Con l’uccisione di Ali Khamenei, l’Assemblea degli Esperti nomina il figlio Mojtaba come Guida suprema. Lo scenario aggiornato.

Mojtaba Khamenei, secondogenito di Ali Khamenei, nuova Guida suprema dell’Iran. Esmail Mohades: “È lui l’anima nera del Regime dietro la repressione”.

Con l’uccisione di Ali Khamenei nei bombardamenti di USA e Israele sull’Iran, la Guida suprema passa nelle mani del secondogenito, Mojtaba, 56enne, scelto dall’Assemblea degli Esperti per guidare il Paese in questo complicato momento. “In realtà – spiega lo scrittore iraniano Esmail Mohades al Capoluogo d’Abruzzo – Ali Khamenei aveva detto pubblicamente che il figlio non sarebbe stato tra i successori, mentre nel testamento avrebbe poi previsto diversamente.
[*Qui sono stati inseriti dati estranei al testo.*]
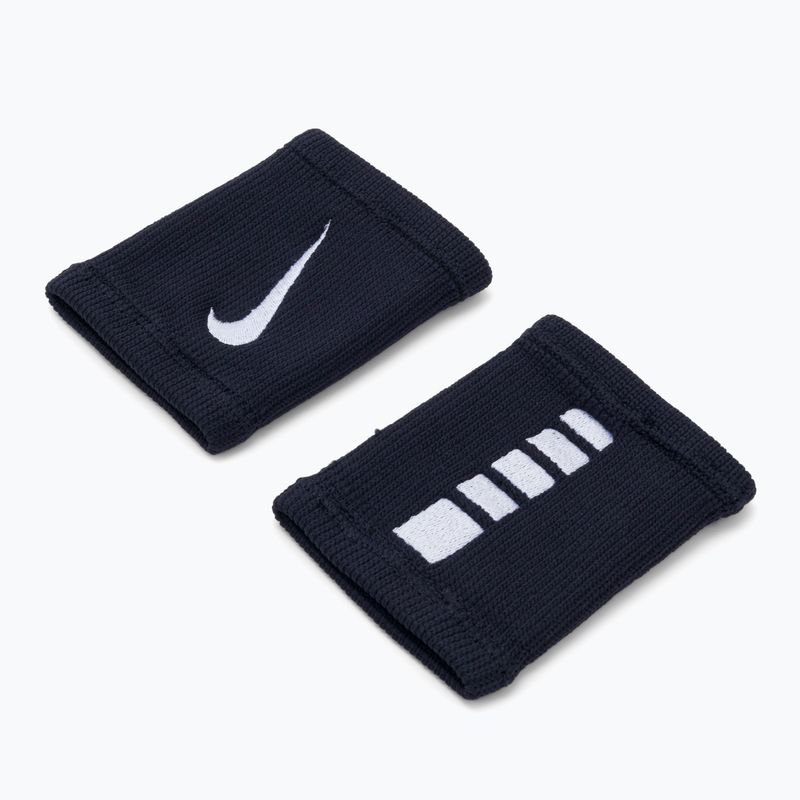 Polsini Nike Elite Doublewide 2 pezzi nero/bianco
Ad ogni modo, è lui l’anima nera del Regime dietro la guida del padre. Entra in scena nel 2009 con la rielezione di Ahmadinejad, è lui che ha guidato i Pasdaran per pilotare la nomina, così com’è lui che li ha guidati nella sanguinaria repressione delle proteste. E sono gli stessi Pasdaran che hanno fatto pressione per la sua nomina oggi”.
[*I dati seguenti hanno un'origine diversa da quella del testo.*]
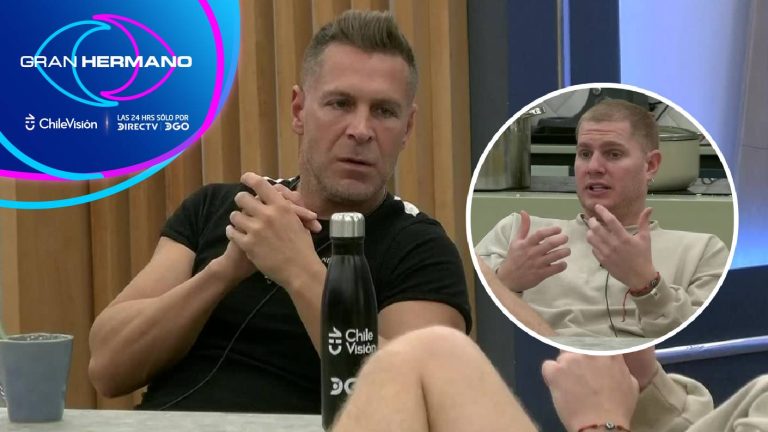 “No te contagies”: Felipe alertó a Patricio sobre su cercanía al grupo de Michelle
Insomma, sembra essere cambiato poco nella leadership iraniana dall’inizio della guerra, anche se c’è da capire come reagiranno USA e Israele e se cercheranno di eliminare fisicamente anche il successore di Ali Khamenei. Ad ogni modo la guerra va avanti in uno scenario sempre più complesso: “Abbiamo sempre sostenuto che il Regime non potesse cadere con interventi dall’esterno e bombardamenti dall’alto” sottolinea Mohades. “Evidentemente il sistema difensivo dell’Iran è stato distrutto, Israele è entrato con truppe di terra in Libano, ma l’Iran è vastissimo, impossibile da controllare territorialmente dall’esterno. Per questo ribadiamo la necessità del sostegno alla lotta interna e del riconoscimento del Consiglio nazionale della Resistenza, che ha annunciato la formazione di un governo di transizione. La Resistenza ha uomini e donne in grado di guidare un progetto democratico di inclusione, una soluzione che conviene a tutti, anche agli altri Paesi arabi sotto attacco dell’Iran”.